Creativity Magazine

My Television Habit

By Vickilane
My Television Habit
After years of watching very little television (when I was writing under contract with deadlines looming,) I have become addicted to a quiet hour or so after supper, stretched out on the sofa and watching an episode of a show. Midsomer Murders proved so comforting and enjoyable (and went on so long) that I was hooked. 

Next we went through Miss Fisher's Mysteries -- a delightful bit of froth and eye candy. When that was over, we tried Father Brown. I liked the main character but the predictable moralizing at the end and the scenery-chewing on the part of some of the other actors caused us to quit the good father after three episodes. (Plus it was set in the Fifties -- I was there for the Fifties and don't have a lot of nostalgia for the period.) Maybe, I thought, I was ready for something more serious -- no froth and predictability. Maybe I was ready for Peaky Blinders -- the gritty drama set in Birmingham (UK) in the Twenties.
My Television Habit
Oh, boy! This series is a winner! (I say this having only watched the first season so no spoilers in the comments, please!) Great music, amazing cinematography, stellar acting. Tom Shelby, the main character, is the de facto boss of the crime family that controls the Peaky Blinders gang. He's complex and, to me at least, very likeable. He suffers from terrible dreams, a result of his experiences in the trenches in WWI and his blank blue stare is completely chilling. Like Michael in The Godfather, he has plans to take the family business (bookmaking) legal.
My Television Habit Two very strong female characters enhance the story line. Aunt Pol, Tom's dead mother's sister, who ran the family business while the Shelby men were fighting for King and Country, and Grace, an undercover agent posing as a barmaid in a Shelby owned pub while working with the authorities to bring down the Shelbys.
My Television Habit
I find myself worrying about what is going to happen to these folks -- something that never happened with my comfort viewing because there it was a sure thing that Right would triumph in the end. Here, I can already envision tragic turns ahead. 

And that's, I think, the difference between froth and drama. In drama we invest our emotions, allow ourselves the uncertainty.
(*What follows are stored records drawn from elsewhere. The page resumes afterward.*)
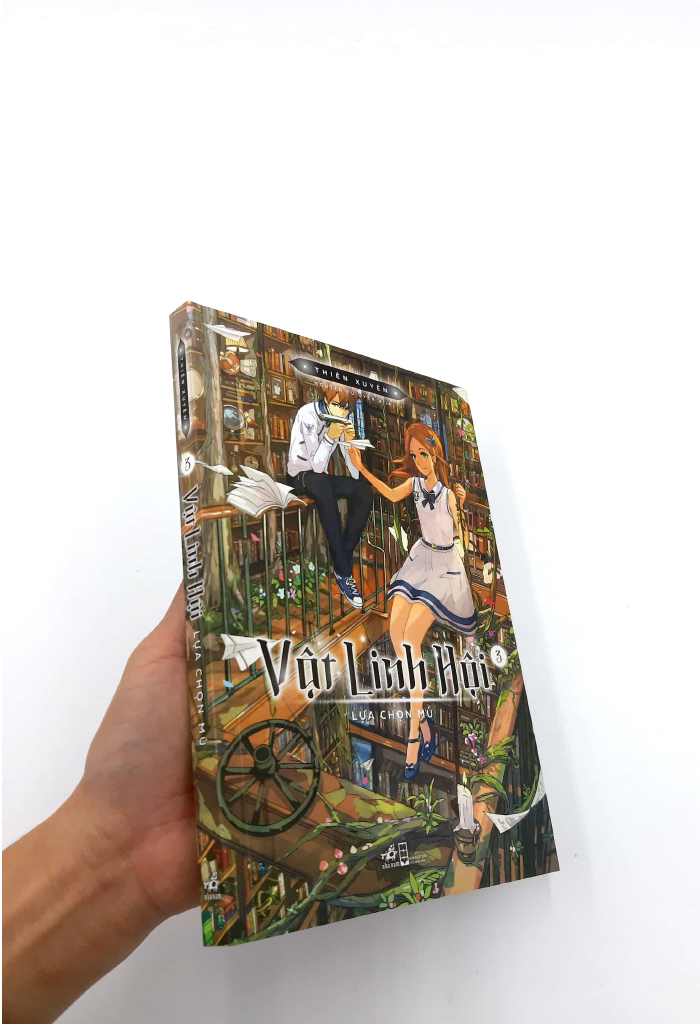 bộ vật linh hội - tập 3 - lựa chọn mù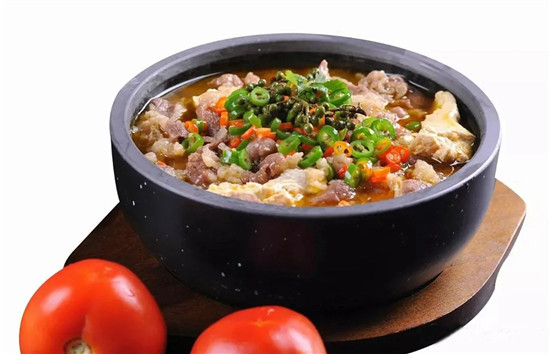 【創新菜】石鍋豆花肥牛
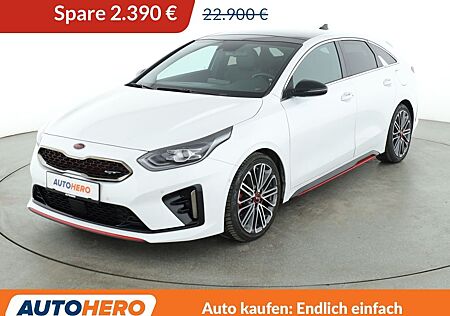 Kia Pro_ceed pro_cee'd 1.6 TGDI GT Aut.*NAVI*LED*CAM*ACC*SHZ*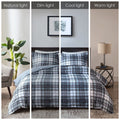 3M Scotchgard Down Alternative All Season Comforter Set Twin Multicolor Microfiber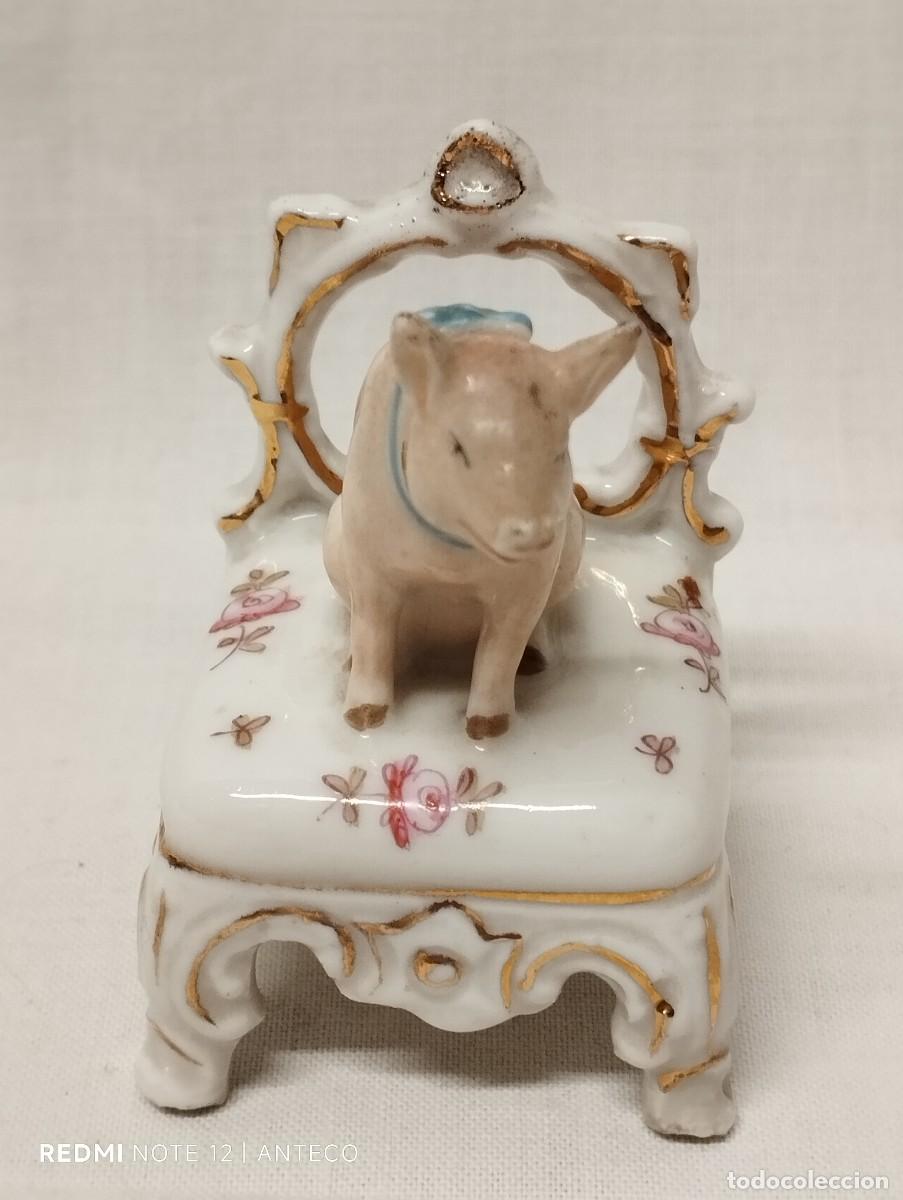 Antig&uuml;edades: FIGURITA DE PORCELANA - Foto 1
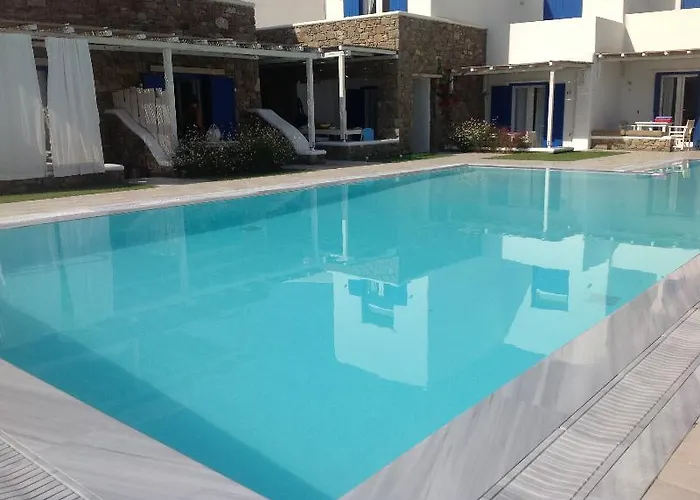 Blue, White And Grey 4* Ornos (Mykonos)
Aristotle said that the aim of tragedy is to give the spectator a better understanding of the ways of gods and men and to bring about a catharsis -- to arouse feelings of fear and pity which are purged by witnessing some dire and compelling  change in the fortunes of the protagonist. (And, my goodness, the scene is set for that as Tom and Grace are falling in love.) 


Plus there are Gypsies -- Romani speakers with caravans. I'm a sucker for Gypsies.